Another issue with ZCEs is that they are not really useful for customers/merchants in brick&mortar store. More like they would be useful for exchange transfers as an option, because crypto people are more understanding.

I will copy-pasta my posts from TG:


Because essentially you need more money than you pay in the wallet. Part of the money becomes frozen until transaction is confirmed.

I can tell you already people won’t like this / Will have problem with this.

(…)

I can tell you, that psychologically this will be a problem for VAST numbers of people, ESPECIALLY these who live from-paycheck-to-paycheck, which is most probably the majority.

(…)

I think that you can figure out yourself that if Joe Sixpack has $100 in his wallet, but cannot buy a $100 kitchen appliance, this will ba a huge problem, right?

(…)

this is super bad UX


Basically, common people are just not going to accept this type of transactions.
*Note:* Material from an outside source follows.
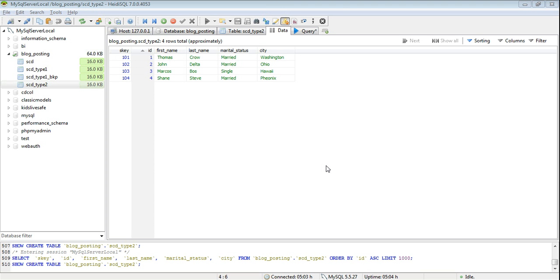Hello guys, my name is Vikram Thakkar. Today I am going to show you how to implement SCD slowly changing dimensions type 2 using Talend Open Studio or Jasper ETL.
Joe Sixpack has $100 of value in his wallet. Why would Joe Sixpack want to sacrifice his $25 or $50 so that he can pay for something?

Because some people might cheat the merchant?

This is basically like accusing Joe of stealing/cheating before he even cheated (guilty by default).

Really, nobody is going to like this.

Summing up the problems after the telegram discussion:

  • Emperical tests show that after 2 seconds most of the network has a transaction. At 3 seconds this reaches the ‘nearly all nodes’ level.
    This means that not seeing a dsproof for 2 seconds is safe. 3 is super safe.
    ZCE breaks that by breaking the first-seen rule for 5 seconds.
  • ZCE is essentially replace-by-fee in a different form. Same concepts.
  • The 5 second rule is bad.
    First reason, that’s not how mempools work today.
    But the second is due to the nature of decentralization. Time is full-node local. There is no timestamp of creating / sending a transaction. Only when you first see it. So effectively it may be 6 or 7 seconds where a node accepts and forwards the double spending zce transaction. Repeating point one, zce destroys zero conf.
  • ZCE CHIP misunderstands the basic way our network works. The entire section on “long term security" is basically wrong. The understanding of what DSProofs do is wrong.
  • ZCE does not in actual fact solve any problems that are not already solved or easy-to-solve today with currently deployed tech.
  • The market is NOT asking for this. The market isn’t even pushing for double-spend proofs because there is no perceived risk of double spends on the network.

In short, full nodes should not add code to break the first-seen rule for some specific case that is eery similar to rbf.